# ID3 tag edits server side



## ArmoredCavalry (Jan 12, 2009)

So, right now I'm running a music streaming site. I'd like to expand it so that users can upload songs into a "temporary" directory, where I can approve them then transfer them to main directory for usage. Right now I just have a form they can fill out with song info/url, which I then have to go check out, download, edit id3 tags, and upload. Since I have a slow line speed (up) this can be slow. :shadedshu

Although, even if I kept the form method, I can use SSH to transfer mp3's directly from one site to another, however, I still need to edit the ID3 tags. Is there a way to do this remotely? 

As in, the mp3's are sitting on the server, and I edit the tags either over SSH, or with a windows program. This way I would not have to download+upload a song just to edit the tags.

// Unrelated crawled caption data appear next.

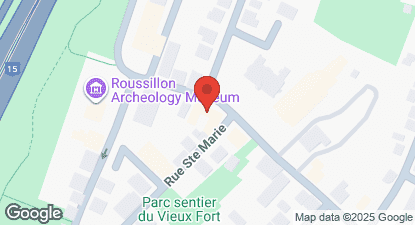 How to get to Le Vieux - salle de r&eacute;ception, La Prairie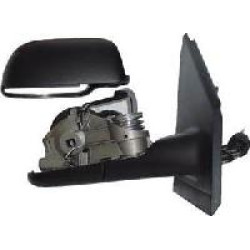 Volkswagen Polo Primed Mirror Passenger Side (LH)
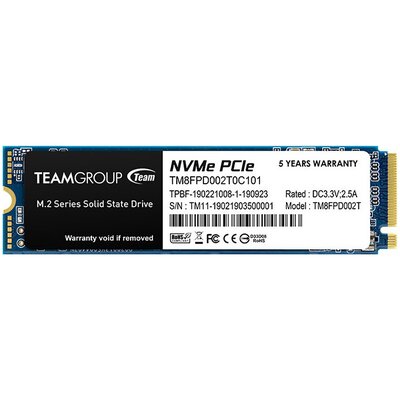 Team Group MP33 Pro 2TB (TM8FPD002T0C101)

Thanks for any help, p.s. the site is http://mp3.pc-pad.com/


----------



## MkFly (Jan 28, 2009)

I've used this program in scripts in the past:
http://www.softpedia.com/get/Multimedia/Audio/Tag-Editors/Tag.shtml

Sadly, it will not write ID3v2 (although it can read them).  It will write ID3v1 (among others).


----------



## ArmoredCavalry (Jan 28, 2009)

Thanks for the response. I actually found what I was looking for earlier this week,
http://getid3.sourceforge.net/

Just for future reference if anyone stumbles upon this thread.


----------